## To do
With pictures left out, output exactly the lines of the listing below from the line that has "M & M SMOKE" to the line that has "图集|清溪剧院上演奥特曼打怪兽，不同年龄段的人寻找属于自己的童年记忆", both lines kept.

## Excerpted data
● ● ● ● ● ● ●

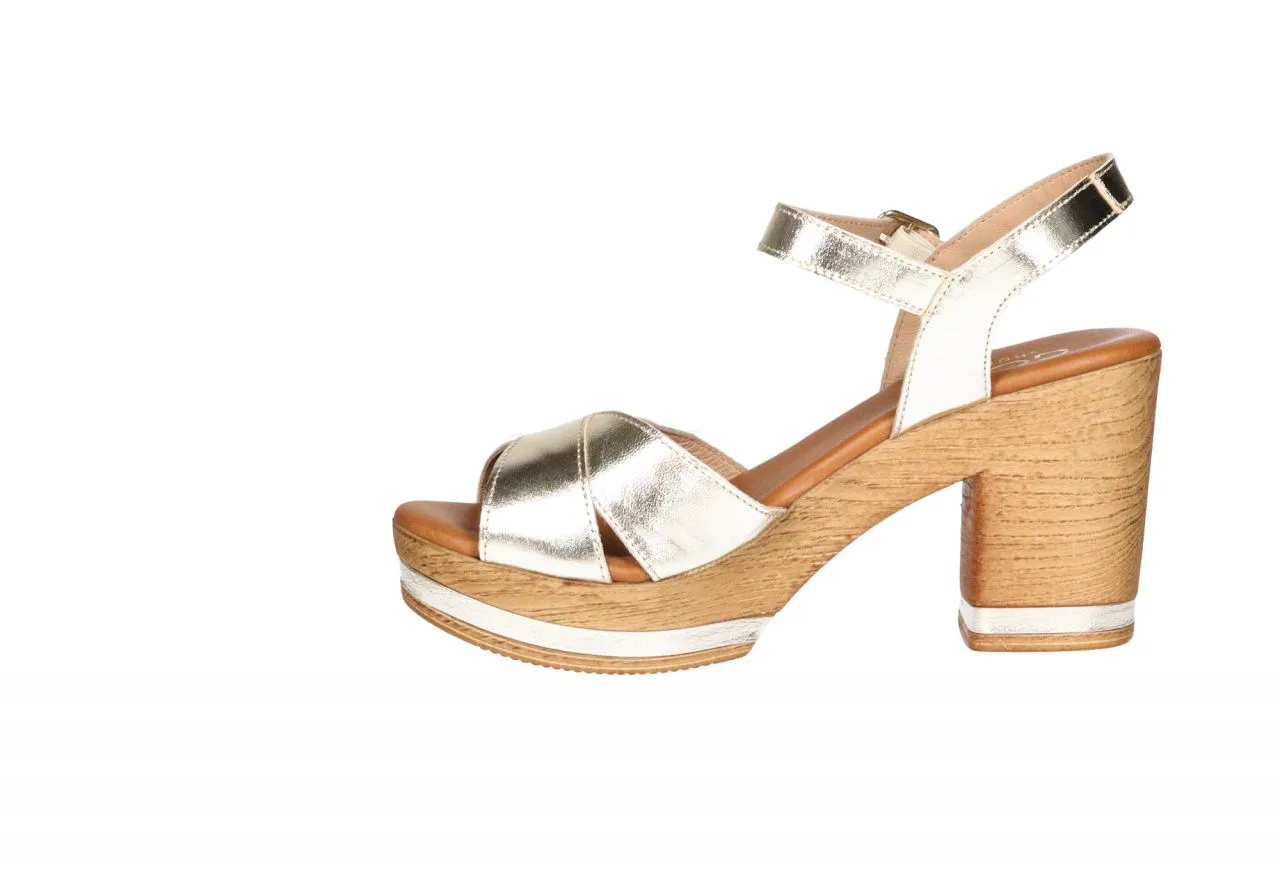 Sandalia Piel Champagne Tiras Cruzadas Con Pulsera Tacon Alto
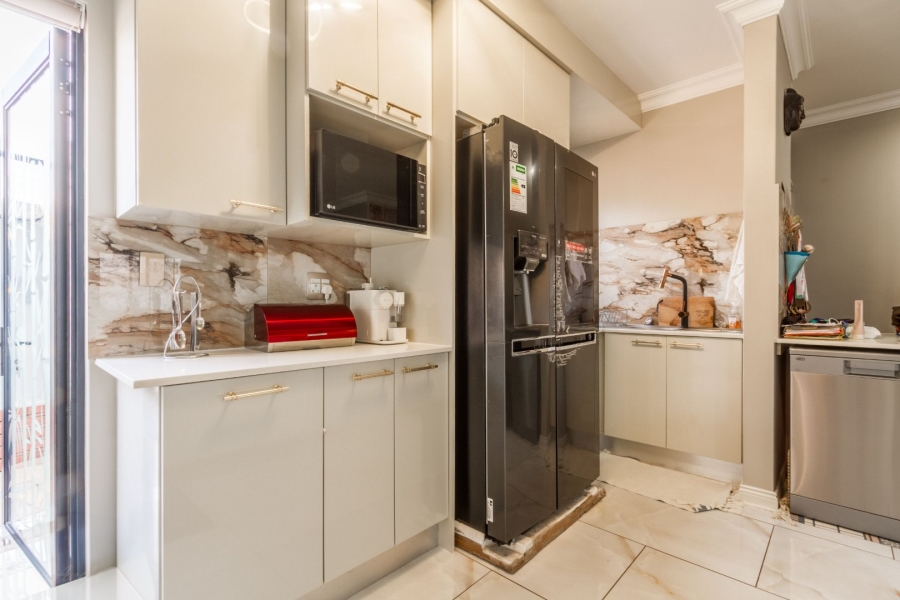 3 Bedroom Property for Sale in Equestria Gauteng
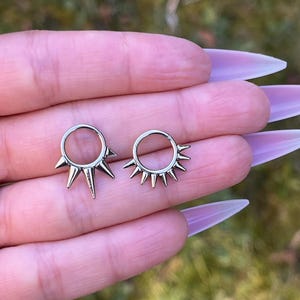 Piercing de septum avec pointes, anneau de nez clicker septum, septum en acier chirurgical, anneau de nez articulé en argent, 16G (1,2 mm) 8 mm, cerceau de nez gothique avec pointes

● ● ● ● ● ● ●

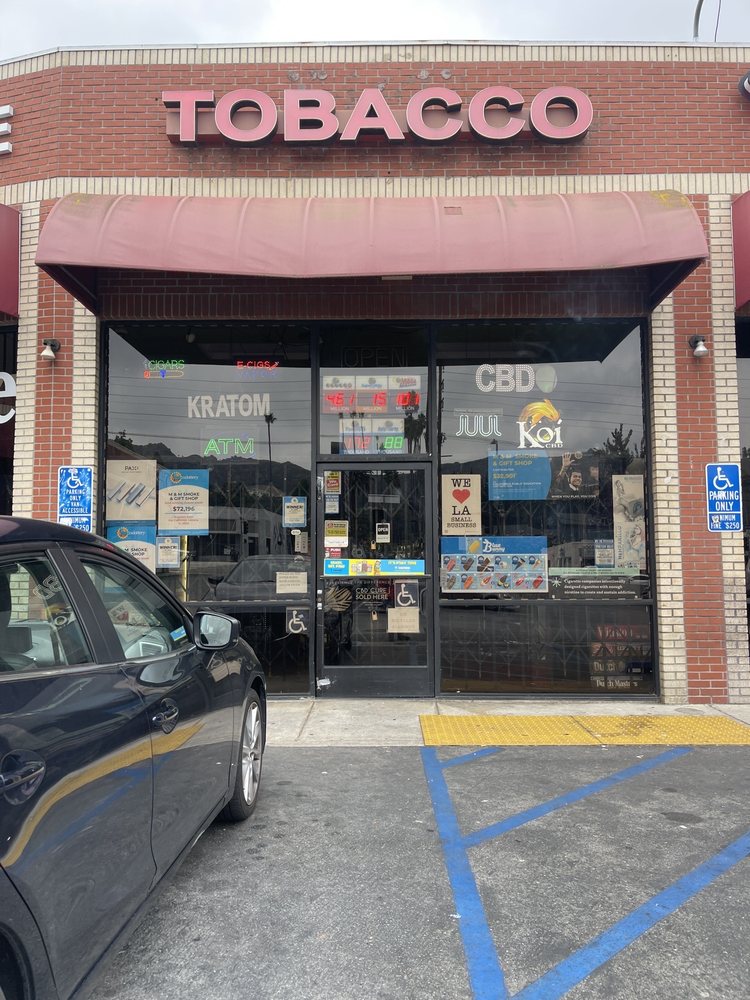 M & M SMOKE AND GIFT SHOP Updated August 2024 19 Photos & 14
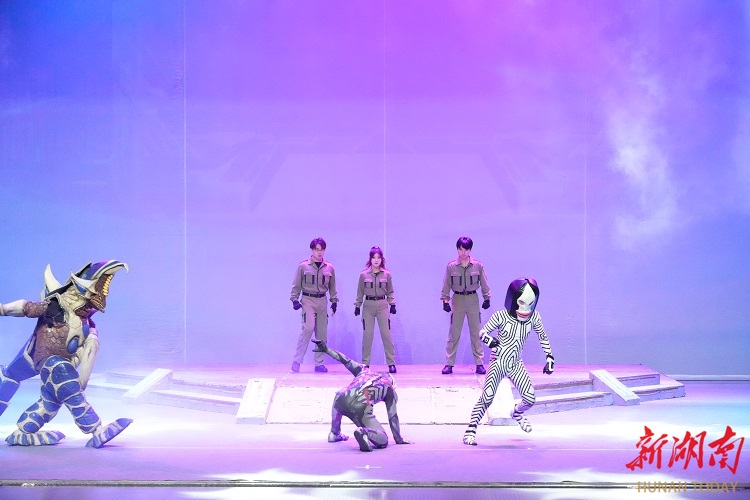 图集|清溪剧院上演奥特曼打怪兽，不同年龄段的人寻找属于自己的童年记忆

● ● ● ● ● ● ●

## The answer
 M & M SMOKE AND GIFT SHOP Updated August 2024 19 Photos & 14
 图集|清溪剧院上演奥特曼打怪兽，不同年龄段的人寻找属于自己的童年记忆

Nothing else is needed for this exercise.